- [GOAL OF THE EXERCISE]:
The records, repeated exactly and in full, are the expected answer.
** Opening INFORMATION block **
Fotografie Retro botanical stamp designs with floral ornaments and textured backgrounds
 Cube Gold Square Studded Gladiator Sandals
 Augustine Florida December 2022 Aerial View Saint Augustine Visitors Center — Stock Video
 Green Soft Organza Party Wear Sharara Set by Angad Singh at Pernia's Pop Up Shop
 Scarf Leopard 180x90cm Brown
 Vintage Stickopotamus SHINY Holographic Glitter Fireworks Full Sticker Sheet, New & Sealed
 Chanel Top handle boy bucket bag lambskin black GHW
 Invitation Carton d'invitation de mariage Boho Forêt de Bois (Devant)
** Closing INFORMATION block **
- [EXERCISE SOLUTION]:
Fotografie Retro botanical stamp designs with floral ornaments and textured backgrounds
 Cube Gold Square Studded Gladiator Sandals
 Augustine Florida December 2022 Aerial View Saint Augustine Visitors Center — Stock Video
 Green Soft Organza Party Wear Sharara Set by Angad Singh at Pernia's Pop Up Shop
 Scarf Leopard 180x90cm Brown
 Vintage Stickopotamus SHINY Holographic Glitter Fireworks Full Sticker Sheet, New & Sealed
 Chanel Top handle boy bucket bag lambskin black GHW
 Invitation Carton d'invitation de mariage Boho Forêt de Bois (Devant)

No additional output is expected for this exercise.